“Centonove” 8.10.2015
IL CACCIATORE RCOPERTO DI CAMPANELLI
Un giornalista (fallito) di buona estrazione borghese è in una cella di
manicomio. Perché ci è finito? Il romanzo
- scritto in forma autobiografica – è il tentativo di risposta
narrativa. E scorre per intero sul registro linguistico
paradossale-ma-non-troppo della lucida follia, del matto che appare tale
essenzialmente perché non accetta la follia abituale su cui si adagiano i così
detti sani. Una mamma possessiva, una sorella anaffettiva, uno psichiatra
prigioniero dei parametri della ‘normalità’ sono solo alcuni dei fattori che
portano il protagonista - il
signor “B” – alla ribellione interiore, alla trasgressione esteriore e infine
alla detenzione.

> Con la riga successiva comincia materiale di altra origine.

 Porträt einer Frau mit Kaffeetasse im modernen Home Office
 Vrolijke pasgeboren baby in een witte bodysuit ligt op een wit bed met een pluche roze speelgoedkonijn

Egli sembra stritolato dalla contraddizione fra la sua
antropologia pessimista (“E’ caratteristico dell’uomo normale pensare soltanto
al proprio piacere, coltivare l’indifferenza e nuocere al prossimo senza
neppure accorgersene”) e l’aspirazione a un mondo diverso e migliore (“un modo
di vivere dal quale siano esclusi l’ingiustizia, la sciocchezza e la strage
degli innocenti”). Vuole attraversare questa contraddizione lacerante con le
sole armi della ragione (ritenendo falso, illusorio e deprimente tutto ciò che
denominiano “amore”) e finisce con l’essere “condotto all’assurdo da un eccesso
di ragione”. O, per lo meno, dall’essere così considerato dal contesto sociale
che preferisce l’ordine alla giustizia (proprio come il Dottor “A” il cui mondo
era “ordinato come l’armadio della biancheria di una borghese”, senza la minima
“mescolanza tra le mutande e le camicie, tra le calze e i fazzoletti”).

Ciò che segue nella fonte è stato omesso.